== EXCERPTED DATA ==

================

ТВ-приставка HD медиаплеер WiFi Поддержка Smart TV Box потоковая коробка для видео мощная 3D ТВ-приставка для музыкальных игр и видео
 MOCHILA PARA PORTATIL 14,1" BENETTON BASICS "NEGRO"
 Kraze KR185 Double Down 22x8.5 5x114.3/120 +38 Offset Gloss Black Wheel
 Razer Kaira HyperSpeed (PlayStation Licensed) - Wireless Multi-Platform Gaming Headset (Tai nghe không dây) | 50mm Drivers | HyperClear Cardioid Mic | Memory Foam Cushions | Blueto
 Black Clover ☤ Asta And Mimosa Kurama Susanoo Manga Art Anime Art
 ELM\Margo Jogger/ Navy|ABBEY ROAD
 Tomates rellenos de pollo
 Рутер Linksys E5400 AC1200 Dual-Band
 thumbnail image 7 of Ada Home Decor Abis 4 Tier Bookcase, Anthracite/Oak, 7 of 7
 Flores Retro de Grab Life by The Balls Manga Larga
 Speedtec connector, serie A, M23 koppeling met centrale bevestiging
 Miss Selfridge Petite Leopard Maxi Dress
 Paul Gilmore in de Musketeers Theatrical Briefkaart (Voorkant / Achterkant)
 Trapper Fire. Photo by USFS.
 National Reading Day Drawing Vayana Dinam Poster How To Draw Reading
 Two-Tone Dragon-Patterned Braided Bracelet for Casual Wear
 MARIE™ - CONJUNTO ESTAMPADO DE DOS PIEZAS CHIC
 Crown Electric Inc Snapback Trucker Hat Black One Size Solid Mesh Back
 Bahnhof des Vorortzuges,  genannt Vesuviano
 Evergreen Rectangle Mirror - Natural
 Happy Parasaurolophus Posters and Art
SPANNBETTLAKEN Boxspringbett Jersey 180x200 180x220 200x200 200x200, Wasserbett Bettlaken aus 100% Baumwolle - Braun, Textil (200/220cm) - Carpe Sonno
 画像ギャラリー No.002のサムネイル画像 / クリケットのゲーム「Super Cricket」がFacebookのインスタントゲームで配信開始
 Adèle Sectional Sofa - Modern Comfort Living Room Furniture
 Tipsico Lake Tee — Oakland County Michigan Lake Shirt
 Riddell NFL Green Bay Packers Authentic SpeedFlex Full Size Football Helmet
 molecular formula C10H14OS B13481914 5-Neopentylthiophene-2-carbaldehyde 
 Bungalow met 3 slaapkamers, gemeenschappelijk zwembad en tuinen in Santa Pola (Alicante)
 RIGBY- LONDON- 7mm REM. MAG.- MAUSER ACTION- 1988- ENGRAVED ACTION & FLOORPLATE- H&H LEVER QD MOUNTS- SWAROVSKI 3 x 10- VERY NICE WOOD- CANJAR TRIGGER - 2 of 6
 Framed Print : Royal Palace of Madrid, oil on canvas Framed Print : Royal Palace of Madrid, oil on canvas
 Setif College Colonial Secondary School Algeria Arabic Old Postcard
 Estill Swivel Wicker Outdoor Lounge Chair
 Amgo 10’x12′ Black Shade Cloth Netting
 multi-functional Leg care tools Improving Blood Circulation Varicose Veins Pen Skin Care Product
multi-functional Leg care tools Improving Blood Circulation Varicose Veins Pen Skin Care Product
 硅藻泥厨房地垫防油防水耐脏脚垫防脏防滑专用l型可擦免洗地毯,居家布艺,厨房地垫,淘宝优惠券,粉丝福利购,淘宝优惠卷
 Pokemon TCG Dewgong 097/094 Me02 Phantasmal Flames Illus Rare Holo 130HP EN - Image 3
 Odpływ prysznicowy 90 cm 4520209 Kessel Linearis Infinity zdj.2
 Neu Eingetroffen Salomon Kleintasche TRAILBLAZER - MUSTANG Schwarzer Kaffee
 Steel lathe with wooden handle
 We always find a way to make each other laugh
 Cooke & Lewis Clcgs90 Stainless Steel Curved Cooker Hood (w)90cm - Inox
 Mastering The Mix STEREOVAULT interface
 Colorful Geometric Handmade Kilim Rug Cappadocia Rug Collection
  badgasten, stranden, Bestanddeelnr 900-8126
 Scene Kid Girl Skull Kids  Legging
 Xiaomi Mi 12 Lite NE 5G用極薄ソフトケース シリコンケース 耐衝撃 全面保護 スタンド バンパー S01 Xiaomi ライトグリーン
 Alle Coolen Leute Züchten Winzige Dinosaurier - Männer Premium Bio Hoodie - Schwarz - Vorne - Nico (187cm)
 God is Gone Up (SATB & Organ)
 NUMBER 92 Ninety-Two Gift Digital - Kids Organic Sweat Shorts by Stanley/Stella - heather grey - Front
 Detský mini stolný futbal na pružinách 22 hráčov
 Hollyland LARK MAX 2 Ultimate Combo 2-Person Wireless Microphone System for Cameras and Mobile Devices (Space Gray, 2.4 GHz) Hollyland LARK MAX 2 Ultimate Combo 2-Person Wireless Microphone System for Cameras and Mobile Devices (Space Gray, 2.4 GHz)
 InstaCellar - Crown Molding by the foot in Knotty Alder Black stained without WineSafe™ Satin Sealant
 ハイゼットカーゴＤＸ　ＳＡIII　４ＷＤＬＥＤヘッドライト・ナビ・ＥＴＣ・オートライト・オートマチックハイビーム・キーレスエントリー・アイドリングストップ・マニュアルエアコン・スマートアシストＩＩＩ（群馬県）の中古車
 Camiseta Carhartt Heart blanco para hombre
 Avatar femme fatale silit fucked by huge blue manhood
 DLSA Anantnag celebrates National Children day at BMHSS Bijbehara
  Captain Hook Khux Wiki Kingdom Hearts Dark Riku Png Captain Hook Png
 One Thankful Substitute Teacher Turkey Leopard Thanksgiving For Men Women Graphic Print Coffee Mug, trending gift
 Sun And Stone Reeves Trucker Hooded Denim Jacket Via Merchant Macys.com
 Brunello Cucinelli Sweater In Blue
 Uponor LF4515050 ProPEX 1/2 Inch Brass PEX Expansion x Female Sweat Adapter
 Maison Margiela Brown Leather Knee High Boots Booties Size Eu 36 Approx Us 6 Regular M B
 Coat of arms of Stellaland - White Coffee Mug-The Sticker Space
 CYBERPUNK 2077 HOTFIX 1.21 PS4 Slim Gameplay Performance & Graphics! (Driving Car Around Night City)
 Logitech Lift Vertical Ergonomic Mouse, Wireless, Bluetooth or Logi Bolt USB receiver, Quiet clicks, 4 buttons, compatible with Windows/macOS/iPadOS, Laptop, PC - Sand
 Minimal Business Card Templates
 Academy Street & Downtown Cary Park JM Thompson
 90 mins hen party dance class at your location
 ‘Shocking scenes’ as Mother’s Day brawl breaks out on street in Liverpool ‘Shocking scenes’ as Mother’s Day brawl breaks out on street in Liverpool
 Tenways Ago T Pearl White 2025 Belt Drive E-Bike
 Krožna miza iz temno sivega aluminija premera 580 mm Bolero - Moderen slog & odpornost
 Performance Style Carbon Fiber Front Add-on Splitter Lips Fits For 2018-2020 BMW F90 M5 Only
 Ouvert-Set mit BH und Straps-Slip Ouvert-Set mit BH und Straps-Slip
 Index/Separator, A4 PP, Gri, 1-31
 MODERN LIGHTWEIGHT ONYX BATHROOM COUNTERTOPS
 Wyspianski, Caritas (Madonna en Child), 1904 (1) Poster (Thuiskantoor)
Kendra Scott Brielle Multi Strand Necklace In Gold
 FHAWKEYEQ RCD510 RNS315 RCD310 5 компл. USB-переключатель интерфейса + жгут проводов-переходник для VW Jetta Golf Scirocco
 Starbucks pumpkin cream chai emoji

================

== WHAT THE TASK ASKS ==
Once you have read the listing above, set it down again without alteration.

== PROBLEM SOLUTION ==
ТВ-приставка HD медиаплеер WiFi Поддержка Smart TV Box потоковая коробка для видео мощная 3D ТВ-приставка для музыкальных игр и видео
 MOCHILA PARA PORTATIL 14,1" BENETTON BASICS "NEGRO"
 Kraze KR185 Double Down 22x8.5 5x114.3/120 +38 Offset Gloss Black Wheel
 Razer Kaira HyperSpeed (PlayStation Licensed) - Wireless Multi-Platform Gaming Headset (Tai nghe không dây) | 50mm Drivers | HyperClear Cardioid Mic | Memory Foam Cushions | Blueto
 Black Clover ☤ Asta And Mimosa Kurama Susanoo Manga Art Anime Art
 ELM\Margo Jogger/ Navy|ABBEY ROAD
 Tomates rellenos de pollo
 Рутер Linksys E5400 AC1200 Dual-Band
 thumbnail image 7 of Ada Home Decor Abis 4 Tier Bookcase, Anthracite/Oak, 7 of 7
 Flores Retro de Grab Life by The Balls Manga Larga
 Speedtec connector, serie A, M23 koppeling met centrale bevestiging
 Miss Selfridge Petite Leopard Maxi Dress
 Paul Gilmore in de Musketeers Theatrical Briefkaart (Voorkant / Achterkant)
 Trapper Fire. Photo by USFS.
 National Reading Day Drawing Vayana Dinam Poster How To Draw Reading
 Two-Tone Dragon-Patterned Braided Bracelet for Casual Wear
 MARIE™ - CONJUNTO ESTAMPADO DE DOS PIEZAS CHIC
 Crown Electric Inc Snapback Trucker Hat Black One Size Solid Mesh Back
 Bahnhof des Vorortzuges,  genannt Vesuviano
 Evergreen Rectangle Mirror - Natural
 Happy Parasaurolophus Posters and Art
SPANNBETTLAKEN Boxspringbett Jersey 180x200 180x220 200x200 200x200, Wasserbett Bettlaken aus 100% Baumwolle - Braun, Textil (200/220cm) - Carpe Sonno
 画像ギャラリー No.002のサムネイル画像 / クリケットのゲーム「Super Cricket」がFacebookのインスタントゲームで配信開始
 Adèle Sectional Sofa - Modern Comfort Living Room Furniture
 Tipsico Lake Tee — Oakland County Michigan Lake Shirt
 Riddell NFL Green Bay Packers Authentic SpeedFlex Full Size Football Helmet
 molecular formula C10H14OS B13481914 5-Neopentylthiophene-2-carbaldehyde 
 Bungalow met 3 slaapkamers, gemeenschappelijk zwembad en tuinen in Santa Pola (Alicante)
 RIGBY- LONDON- 7mm REM. MAG.- MAUSER ACTION- 1988- ENGRAVED ACTION & FLOORPLATE- H&H LEVER QD MOUNTS- SWAROVSKI 3 x 10- VERY NICE WOOD- CANJAR TRIGGER - 2 of 6
 Framed Print : Royal Palace of Madrid, oil on canvas Framed Print : Royal Palace of Madrid, oil on canvas
 Setif College Colonial Secondary School Algeria Arabic Old Postcard
 Estill Swivel Wicker Outdoor Lounge Chair
 Amgo 10’x12′ Black Shade Cloth Netting
 multi-functional Leg care tools Improving Blood Circulation Varicose Veins Pen Skin Care Product
multi-functional Leg care tools Improving Blood Circulation Varicose Veins Pen Skin Care Product
 硅藻泥厨房地垫防油防水耐脏脚垫防脏防滑专用l型可擦免洗地毯,居家布艺,厨房地垫,淘宝优惠券,粉丝福利购,淘宝优惠卷
 Pokemon TCG Dewgong 097/094 Me02 Phantasmal Flames Illus Rare Holo 130HP EN - Image 3
 Odpływ prysznicowy 90 cm 4520209 Kessel Linearis Infinity zdj.2
 Neu Eingetroffen Salomon Kleintasche TRAILBLAZER - MUSTANG Schwarzer Kaffee
 Steel lathe with wooden handle
 We always find a way to make each other laugh
 Cooke & Lewis Clcgs90 Stainless Steel Curved Cooker Hood (w)90cm - Inox
 Mastering The Mix STEREOVAULT interface
 Colorful Geometric Handmade Kilim Rug Cappadocia Rug Collection
  badgasten, stranden, Bestanddeelnr 900-8126
 Scene Kid Girl Skull Kids  Legging
 Xiaomi Mi 12 Lite NE 5G用極薄ソフトケース シリコンケース 耐衝撃 全面保護 スタンド バンパー S01 Xiaomi ライトグリーン
 Alle Coolen Leute Züchten Winzige Dinosaurier - Männer Premium Bio Hoodie - Schwarz - Vorne - Nico (187cm)
 God is Gone Up (SATB & Organ)
 NUMBER 92 Ninety-Two Gift Digital - Kids Organic Sweat Shorts by Stanley/Stella - heather grey - Front
 Detský mini stolný futbal na pružinách 22 hráčov
 Hollyland LARK MAX 2 Ultimate Combo 2-Person Wireless Microphone System for Cameras and Mobile Devices (Space Gray, 2.4 GHz) Hollyland LARK MAX 2 Ultimate Combo 2-Person Wireless Microphone System for Cameras and Mobile Devices (Space Gray, 2.4 GHz)
 InstaCellar - Crown Molding by the foot in Knotty Alder Black stained without WineSafe™ Satin Sealant
 ハイゼットカーゴＤＸ　ＳＡIII　４ＷＤＬＥＤヘッドライト・ナビ・ＥＴＣ・オートライト・オートマチックハイビーム・キーレスエントリー・アイドリングストップ・マニュアルエアコン・スマートアシストＩＩＩ（群馬県）の中古車
 Camiseta Carhartt Heart blanco para hombre
 Avatar femme fatale silit fucked by huge blue manhood
 DLSA Anantnag celebrates National Children day at BMHSS Bijbehara
  Captain Hook Khux Wiki Kingdom Hearts Dark Riku Png Captain Hook Png
 One Thankful Substitute Teacher Turkey Leopard Thanksgiving For Men Women Graphic Print Coffee Mug, trending gift
 Sun And Stone Reeves Trucker Hooded Denim Jacket Via Merchant Macys.com
 Brunello Cucinelli Sweater In Blue
 Uponor LF4515050 ProPEX 1/2 Inch Brass PEX Expansion x Female Sweat Adapter
 Maison Margiela Brown Leather Knee High Boots Booties Size Eu 36 Approx Us 6 Regular M B
 Coat of arms of Stellaland - White Coffee Mug-The Sticker Space
 CYBERPUNK 2077 HOTFIX 1.21 PS4 Slim Gameplay Performance & Graphics! (Driving Car Around Night City)
 Logitech Lift Vertical Ergonomic Mouse, Wireless, Bluetooth or Logi Bolt USB receiver, Quiet clicks, 4 buttons, compatible with Windows/macOS/iPadOS, Laptop, PC - Sand
 Minimal Business Card Templates
 Academy Street & Downtown Cary Park JM Thompson
 90 mins hen party dance class at your location
 ‘Shocking scenes’ as Mother’s Day brawl breaks out on street in Liverpool ‘Shocking scenes’ as Mother’s Day brawl breaks out on street in Liverpool
 Tenways Ago T Pearl White 2025 Belt Drive E-Bike
 Krožna miza iz temno sivega aluminija premera 580 mm Bolero - Moderen slog & odpornost
 Performance Style Carbon Fiber Front Add-on Splitter Lips Fits For 2018-2020 BMW F90 M5 Only
 Ouvert-Set mit BH und Straps-Slip Ouvert-Set mit BH und Straps-Slip
 Index/Separator, A4 PP, Gri, 1-31
 MODERN LIGHTWEIGHT ONYX BATHROOM COUNTERTOPS
 Wyspianski, Caritas (Madonna en Child), 1904 (1) Poster (Thuiskantoor)
Kendra Scott Brielle Multi Strand Necklace In Gold
 FHAWKEYEQ RCD510 RNS315 RCD310 5 компл. USB-переключатель интерфейса + жгут проводов-переходник для VW Jetta Golf Scirocco
 Starbucks pumpkin cream chai emoji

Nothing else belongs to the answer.